Parents can outright ban any programs they feel are too offensive and restrict their children s viewing to shows that they feel are more beneficial. Also limiting the amount of time the children spend watching television and encouraging them to spend more time on their hobbies, playing sports, or wit friends (Luke, 1988:125).
If parents can encourage their children to watch programs that demonstrate helping and caring for others and cooperation, these types of programs can help to influence children to become more kind and considerate to the people around them.
Most children of young ages tend to take violent television shows seriously and imitate what they have seen. There are certainly many things that parents can do to influence the effect that television content has on a child. Children whose parents have the motivation and resources to be vigilant and active mediators will likely avoid most of the negative effects of violent content.
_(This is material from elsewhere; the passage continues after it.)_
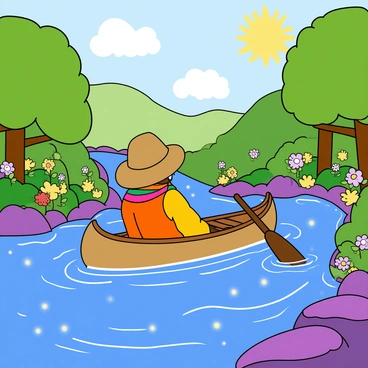A magical explorer with a wide-brimmed hat and a colorful scarf is sitting in a small, wooden canoe. The canoe is gently gliding down an enchanted river that reflects shades of blue and purple. The water is sparkling with tiny, glowing stars and whimsical swirls, giving it a magical appearance. Lush green trees line the riverbank, and colorful flowers are blooming nearby. Numerous small, friendly creatures, like fairies and talking animals, can be seen peeking from behind the foliage. In the sky above, fluffy clouds drift lazily, and a bright sun casts a warm light over the scene.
Unfortunately, not all parents are capable of doing that, and the children who are otherwise most vulnerable to the effects of television violence may be the ones whose parents are least likely to be vigilant mediators in their child s life.
Parents should also try to limit the amount of excessive violence shown on television being viewed and start at a young age. Although watching too much violence on television may be related to teen violence, it starts in the home and what the parents are doing to prevent any form of violence, whether it is teen violence or abuse, from happening.
Televised violence can have numerous effects on the behaviours of children of different age groups. However television violence may not account for all the causes of children s aggression, and it is also true that some children are more likely to be potentially aggressive anyway.
The effect of television violence leads at-risk children to be even more aggressive than they would otherwise be, and although the group at risk might be a minority of viewers, they are more likely to be the majority of aggressors.